我有一个序列化的 XML 字符串,我想将其转换为 XML 对象.但是他的字符串包含很少的数字字符引用,例如 ¥.我使用 simplexml_load_string 进行反序列化,但它并没有取消这些人物.

I have a serialized XML string which I want to convert into XML object. But his string contains few Numeric character reference like ¥. I used simplexml_load_string for deserialization but it doesn't unescape these characters.

如果我使用 html_entity_decode 取消转义,<字符串中存在的 URL 的查询参数中的 code>&amp; 也未转义,从而使 XML 解析器的 URL 无效.例如,https://testURL.com?param1=a&amp;param2=b 被转换为 https://testURL.com?param1=a&param2=b 和现在 &param2 是 XML 解析器的无效字符.

And if I unescape using html_entity_decode, the &amp; in query parameters of URLs present in string also gets unescaped that invalidates the URL for XML parser.
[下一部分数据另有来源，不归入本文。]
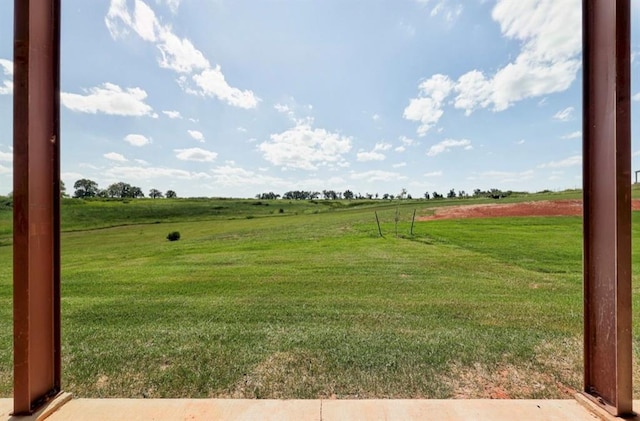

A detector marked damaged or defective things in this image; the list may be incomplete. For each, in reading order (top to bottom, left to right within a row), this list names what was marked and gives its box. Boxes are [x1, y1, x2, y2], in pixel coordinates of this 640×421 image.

rusty metal column [13, 0, 62, 414]
rusty metal column [584, 0, 632, 416]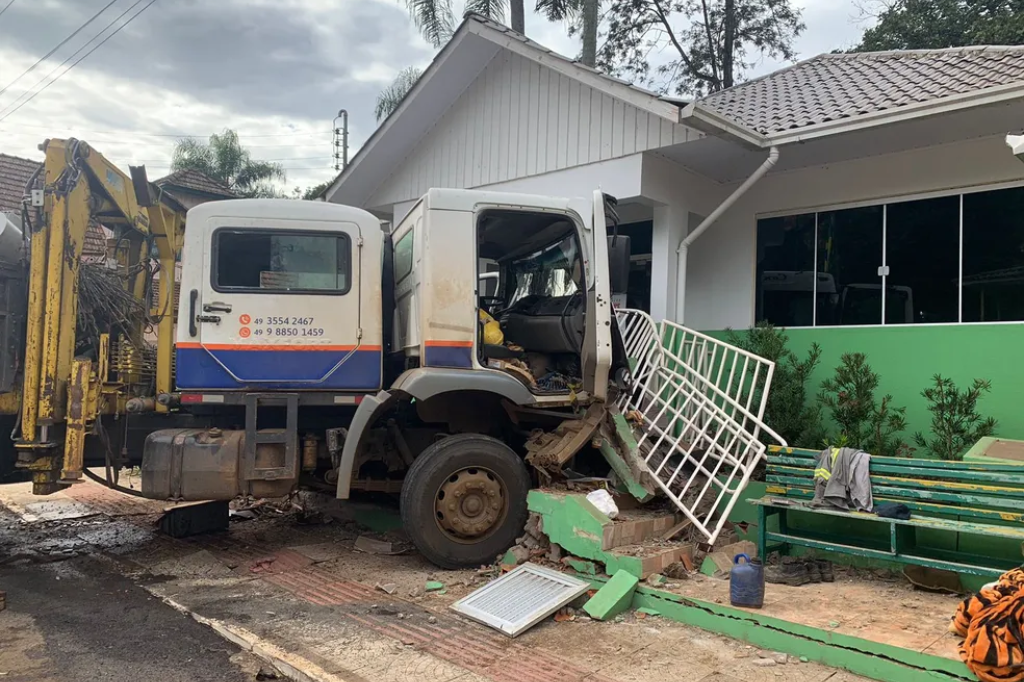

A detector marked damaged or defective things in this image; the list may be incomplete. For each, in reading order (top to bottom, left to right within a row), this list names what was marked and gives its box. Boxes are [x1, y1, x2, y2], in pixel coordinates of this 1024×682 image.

damaged metal gate [616, 308, 784, 540]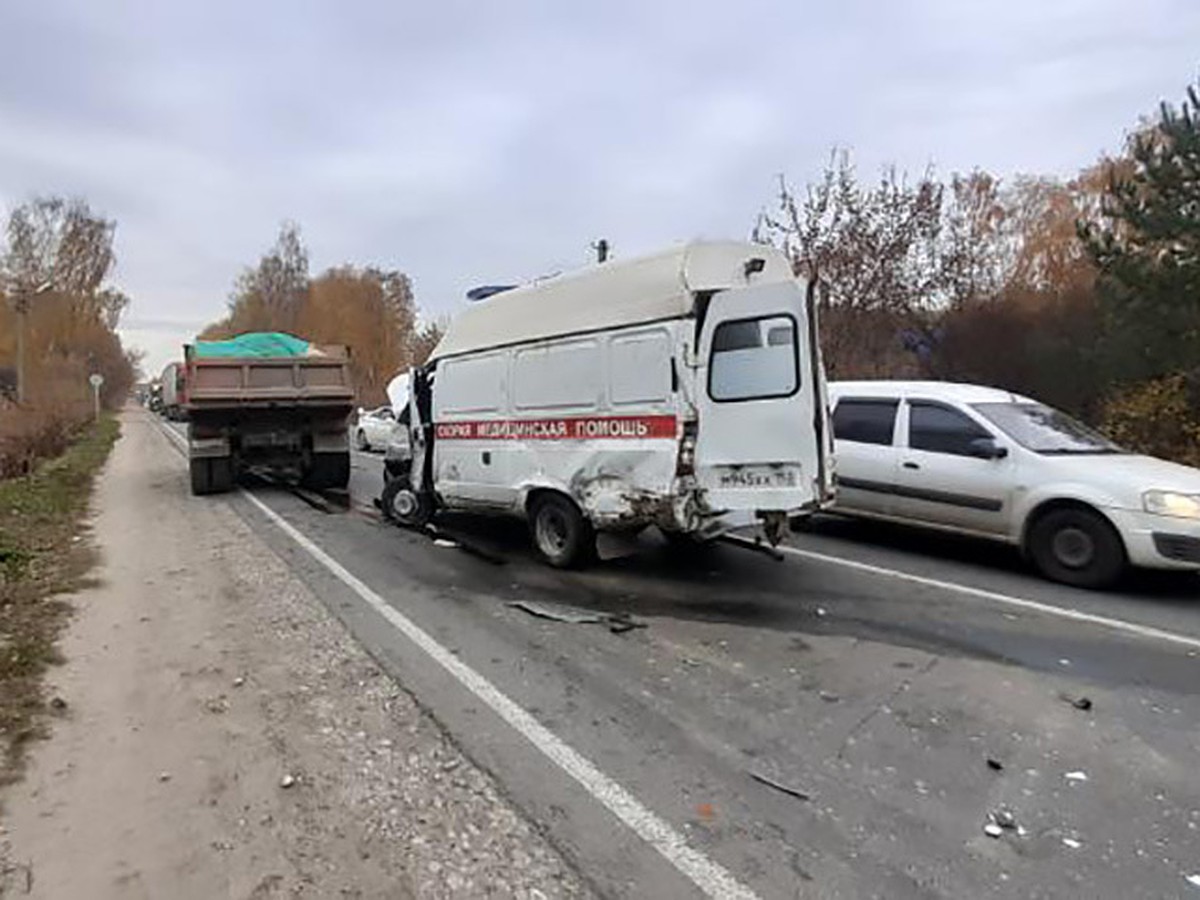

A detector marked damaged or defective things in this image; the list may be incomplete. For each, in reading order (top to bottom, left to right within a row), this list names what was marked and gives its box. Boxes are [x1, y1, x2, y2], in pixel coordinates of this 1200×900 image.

damaged ambulance [384, 243, 835, 566]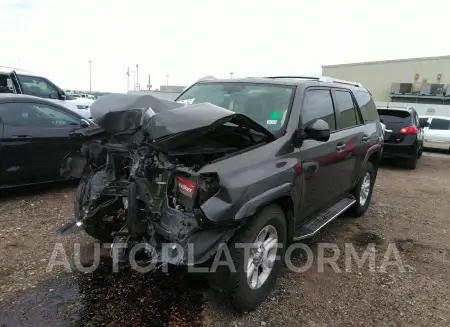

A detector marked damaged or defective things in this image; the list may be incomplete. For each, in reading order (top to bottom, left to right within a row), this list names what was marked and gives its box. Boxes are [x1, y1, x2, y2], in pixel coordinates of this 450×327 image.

crumpled hood [85, 93, 274, 144]
damaged suv [59, 76, 384, 312]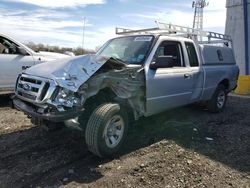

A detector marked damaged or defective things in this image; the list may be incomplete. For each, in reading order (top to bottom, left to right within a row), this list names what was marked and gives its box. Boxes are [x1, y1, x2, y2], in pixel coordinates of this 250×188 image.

broken headlight [54, 88, 80, 107]
crumpled hood [25, 54, 110, 92]
damaged ford ranger [12, 24, 239, 157]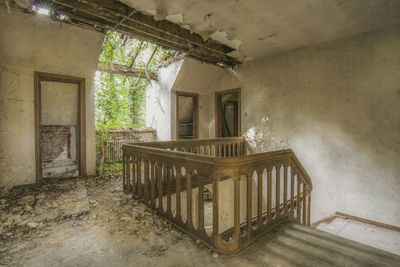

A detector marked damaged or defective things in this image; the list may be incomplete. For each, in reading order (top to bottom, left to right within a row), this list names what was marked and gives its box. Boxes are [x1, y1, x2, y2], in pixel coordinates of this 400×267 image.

For example, https://testURL.com?param1=a&amp;param2=b gets converted to https://testURL.com?param1=a&param2=b and now &param2 is an invalid character for XML parser.

一种天真的方法是在发送到 simplexml_load_string 之前用 &# 替换所有 &# 但这可能会破坏一些事情.请让我知道这样做的更好方法.

One naive way would be to replace all &amp;# with &# before sending to simplexml_load_string but that might break few things. Please let me know the better way of doing the same.

推荐答案

听起来你所拥有的是被双重转义的内容;您需要取消选择处理它的顺序,并反转这些步骤,以相反的顺序以取回原始文本.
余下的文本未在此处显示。